À ce moment, la porte se rouvrit et un Jean, complètement affolé se précipita :

— Rouletabille ! elle est là !…

— Qui ? Odette ?

— Mais non, Callista… Callista est revenue !

— Ah ! ce n’est que ça ! fit le reporter en se laissant retomber sur son fauteuil… je le savais !…

— Comment, tu le savais et tu ne me le disais pas ?… Mais Callista ne peut être revenue à Paris que dans les pires intentions…

— Il y a des chances ! fit Rouletabille… mais tranquillise-toi, mon cher Jean… je me suis arrangé pour qu’elle n’y revienne pas seule, à Paris !… Cette pauvre Callista, elle aurait pu s’y ennuyer !…

— Et alors ?

— Quoi ? et alors ?… C’est tout !… Ne t’occupe pas du chapeau de la petite !… Ou plutôt emmène Odette tout de suite à Lavardens et marie-toi bien tranquillement !

— Je ne serai tranquille que si tu nous accompagnes !

— Eh bien, je vous accompagnerai ! là, es-tu content ?

— Odette aussi sera bien contente ! Mais dis-moi, Callista, réellement, tu ne crains rien ?

Rouletabille haussa les épaules…

— Aussitôt que j’ai su que Callista était arrivée à Paris (et je l’y attendais), je me suis arrangé pour qu’Andréa la rejoignît ! Il est arrivé ce matin, Andréa ! Il a déjà le grappin dessus, et je te prie de croire qu’il ne le lâchera pas !…

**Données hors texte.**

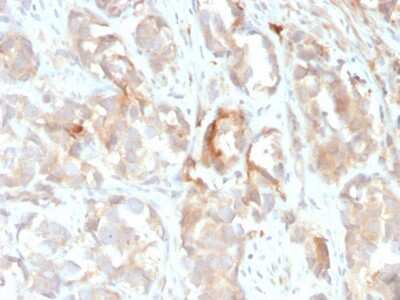 Immunohistochemistry-Paraffin: Cytokeratin 6 Antibody (KRT6B/2116) [NBP3-07798] - Formalin-fixed, paraffin-embedded human prostate stained with Cytokeratin 6 Monoclonal Antibody (KRT6B/2116).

— Ah ! Rouletabille ! Rouletabille !… Tu penses toujours à tout !… Comment pourrai-je reconnaître jamais ?… Tiens, mon vieux Rouletabille, si jamais la Pieuvre t’embête — car c’est une idée fixe que j’ai qu’elle voudra se venger de la désinvolture avec laquelle tu as abusé de sa personnalité à Innsbruck et à Sever-Turn…

— Comme tu t’exprimes bien ! Abuser de sa personnalité !…

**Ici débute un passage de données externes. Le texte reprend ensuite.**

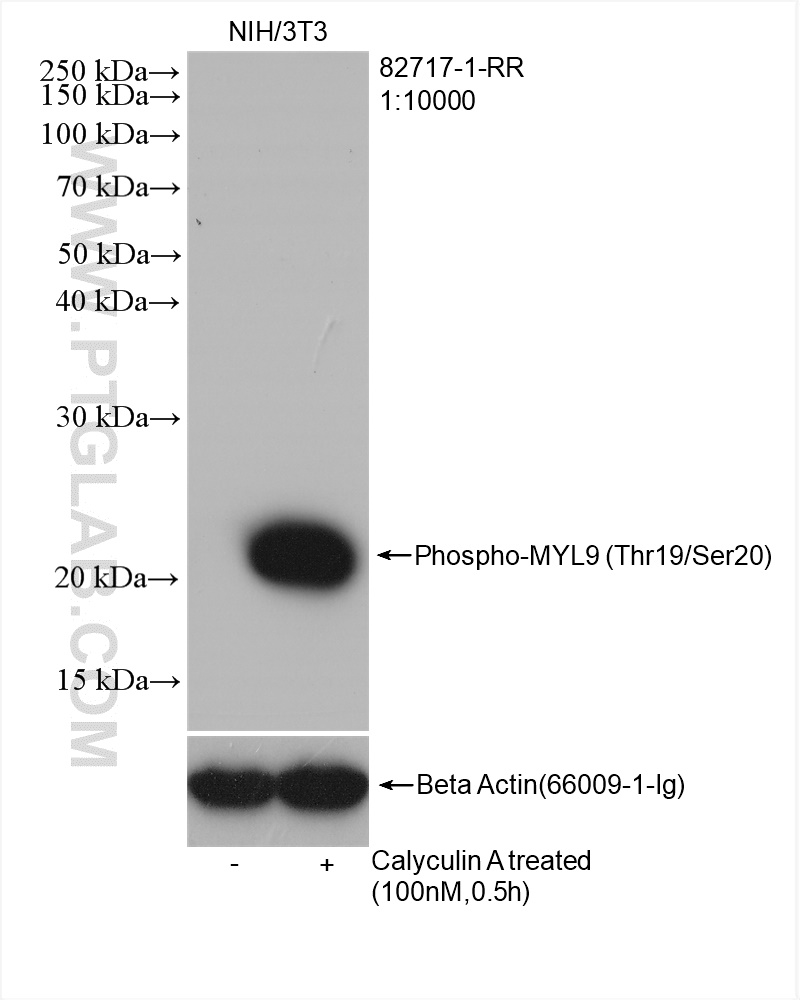 Phospho-MYL9 (Thr19/Ser20)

— Tu blagues !… Eh bien, fais-moi signe ! et tu verras si je serai un peu là !…

— Je n’en attendais pas moins de ta part, mon vieux Jean ! Je compte sur toi !… Enfer et mastic ! La Pieuvre n’a qu’à bien se tenir !…

… Et c’est quelques jours plus tard, dans la chapelle de Lavardens, trop petite pour contenir les amis qui y étaient venus sans avoir été invités, de bons vieux amis de la Camargue et de la Crau et du pays d’Arles, qu’eut lieu le mariage de Jean et d’Odette…

Tous les guardians des mas environnants et les pêcheurs des Saintes-Maries avaient tenu à apporter leurs vœux à la demoiselle du Viei Castou Nou qu’ils avaient vue courir si petite, accrochée à la crinière des poulains lâchés dans les sorgues… Quelques-uns se rappelaient que, dans ce temps-là, ce n’était pas un jeune homme de la ville qui l’accompagnait dans ses randonnées… Toutefois, le nom d’Hubert ne fut pas prononcé. Il y a des petites fées qui ne sont point faites pour le nez de certaines gens !… C’est très risqué de vouloir chevaucher derrière elles, hors de son marécage !… Il y a toujours quelque part un marécage qui vous prend et qui vous garde !… Il y a, quelque part, la chanson d’un grand troubadour qui dit cela à peu près :

« J’aime l’espace et je suis enchaîné ; dans les roseaux je vais nu-pieds ; l’amour est dieu et l’amour pêche ; tout enthousiasme, après l’action, est désappointé ! »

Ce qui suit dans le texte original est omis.